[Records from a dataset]
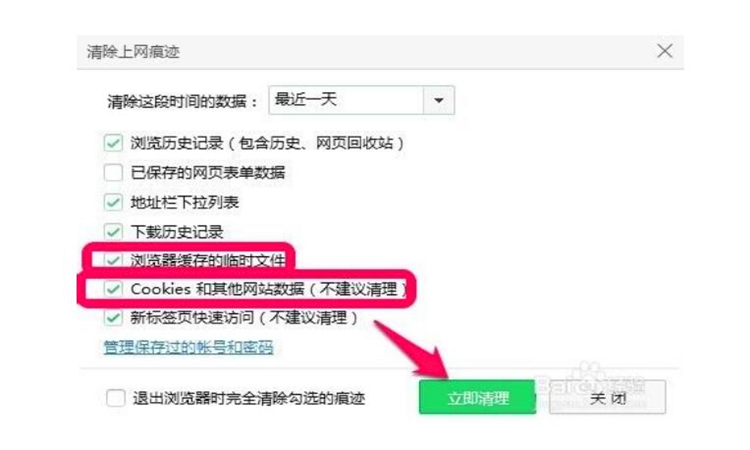 缓存是什么意思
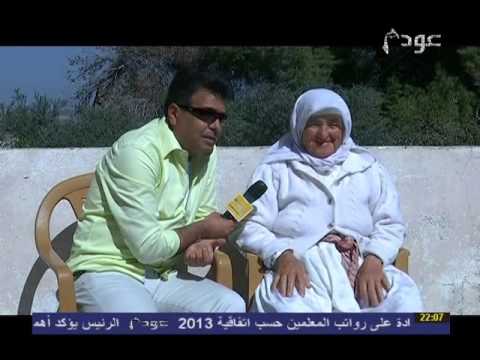 قرية سيريس قناة عودة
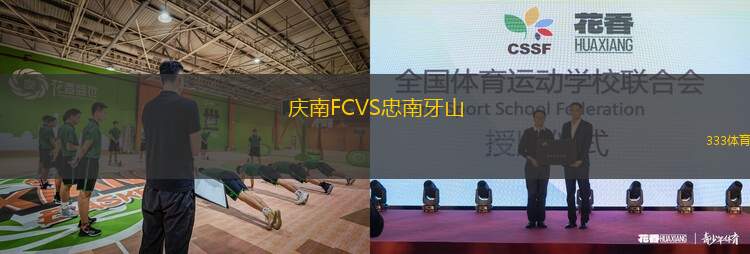 巴拉斯圖爾后備隊(duì)VS卡紐埃拉斯后備隊(duì)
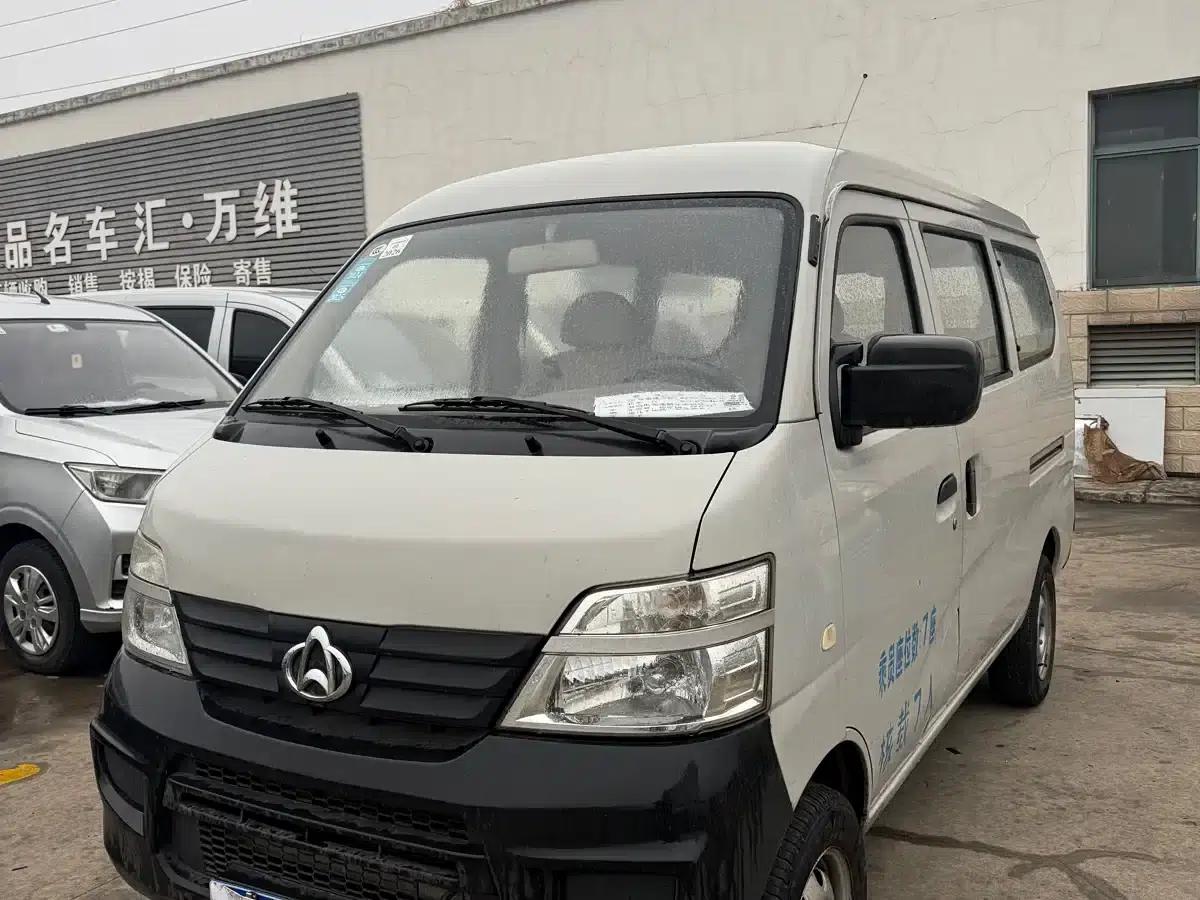 Changan Star 2 2012 1.0L Basic Model JL466Q9 — миниатюра 3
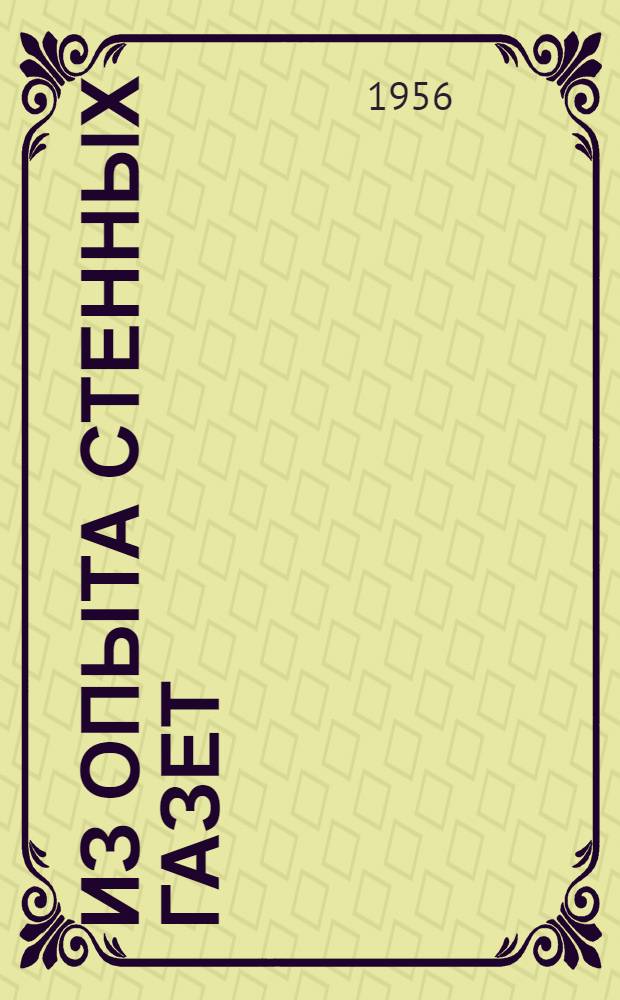 Из опыта стенных газет : По материалам смотра низовой печати промысл. кооперации Ленинграда в 1955 году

_PROBLEM TO SOLVE:_
Set down the records again verbatim, with no pictures.

_TASK RESULT:_
 缓存是什么意思
 قرية سيريس قناة عودة
 巴拉斯圖爾后備隊(duì)VS卡紐埃拉斯后備隊(duì)
 Changan Star 2 2012 1.0L Basic Model JL466Q9 — миниатюра 3
 Из опыта стенных газет : По материалам смотра низовой печати промысл. кооперации Ленинграда в 1955 году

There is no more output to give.